Kaho Naa... Pyaar Hai also known by its initialism KNPH, is a 2000 Indian Hindi-language musical romantic action film written, directed, and produced by Rakesh Roshan. The film marked the acting debuts of Hrithik Roshan and Ameesha Patel, and features a supporting cast that includes Anupam Kher, Dalip Tahil, Mohnish Bahl, Ashish Vidyarthi, Satish Shah, Farida Jalal, Asha Patel, Rajesh Tandon, and Tannaz Irani. The interval twist and the second half of the film draws thematic inspiration from the 1986 Kannada film Ratha Sapthami. Upon its release on 14 January 2000, the film became an instant blockbuster and earned over ₹800 million worldwide, becoming the second highest-grossing Bollywood film of 2000.

Kaho Naa... Pyaar Hai received positive reviews from critics with praise towards Hrithik Roshan's performance and music, but criticized its "clichéd" plot. Hrithik Roshan became an overnight superstar, where his debut was termed Hrithik Mania and he has been known as the Millennial Superstar. The film went on to be inducted into the Guinness World Records (2002) for being a feature film with the most awards won a total of 92 awards received in numerous ceremonies and categories.

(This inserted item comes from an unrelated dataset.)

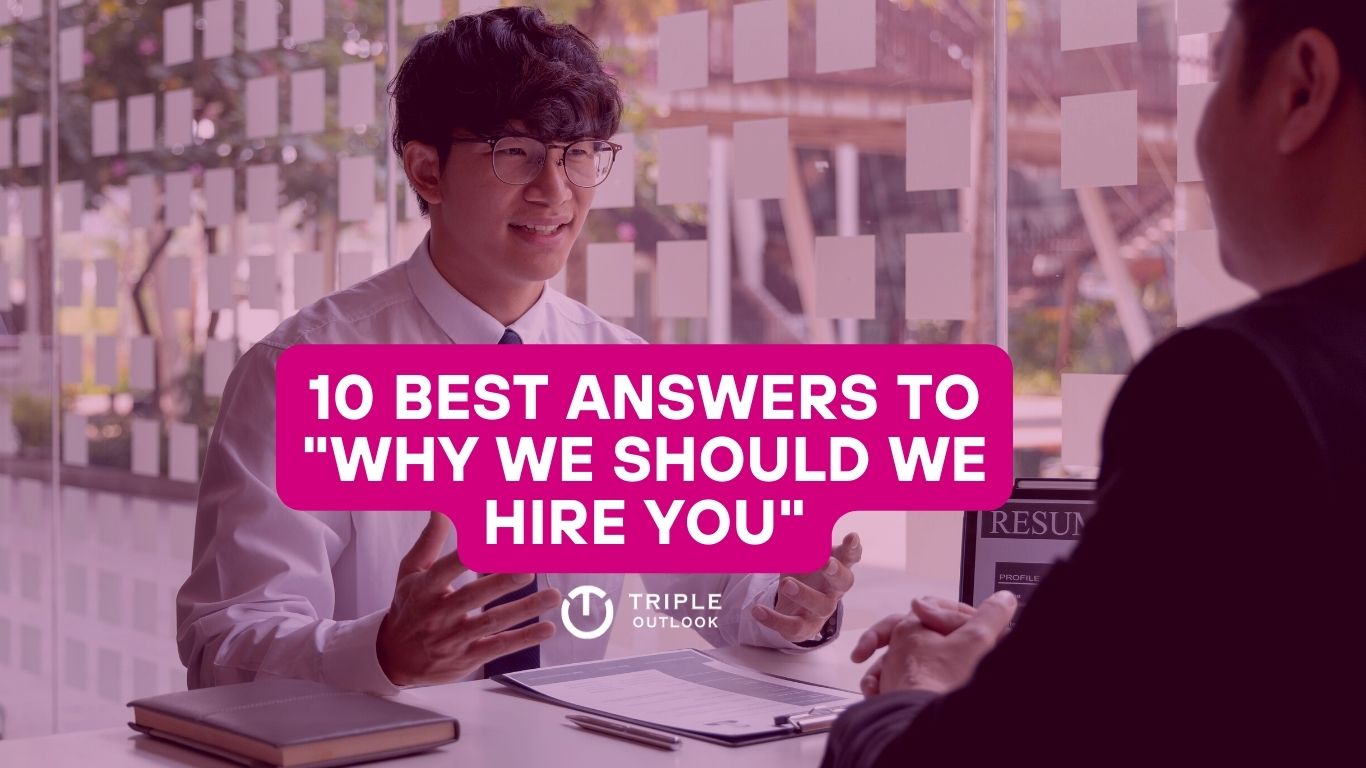 Best answer to why should we hire you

The film would be added to the Limca Book of Records for the greatest number of awards won by a Hindi film. As director and producer, Rakesh Roshan collected his first ever Filmfare Award, while his son became the only actor ever to win both the Filmfare Award for Best Actor and the Filmfare Award for Best Debut for the same film.

Kaho Naa... Pyaar Hai was re-released on 10 January 2025 to commemorate the film's twenty-fifth anniversary and coinciding with Hrithik Roshan's 51st birthday.

== Plot ==
Rohit, a talented but struggling singer who works at a car showroom, lives with his younger brother Amit. Orphaned at a young age, the brothers were raised with kindness by their childless neighbours, Lily and Anthony. During his work, Rohit meets Sonia, the daughter of wealthy industrialist Mr. Saxena. Despite their different backgrounds, they become close friends, and Sonia is drawn to Rohit’s charm and sincerity.

On a cruise organised by Sonia’s friend Atul, who is also the son of Rohit’s boss, Shakti Malik, tensions rise when Sonia becomes jealous of the attention Rohit receives from other girls. After a drunken quarrel, Rohit and Sonia drift away in a lifeboat and become stranded on a deserted island. Initially, their clashing personalities lead to conflict, with Rohit taking the situation more seriously than Sonia. However, when Sonia jokingly pretends to drown, Rohit jumps in to save her despite being unable to swim and nearly dies himself. After Sonia rescues him, the experience makes them realise their deep feelings for one another, and their love blossoms.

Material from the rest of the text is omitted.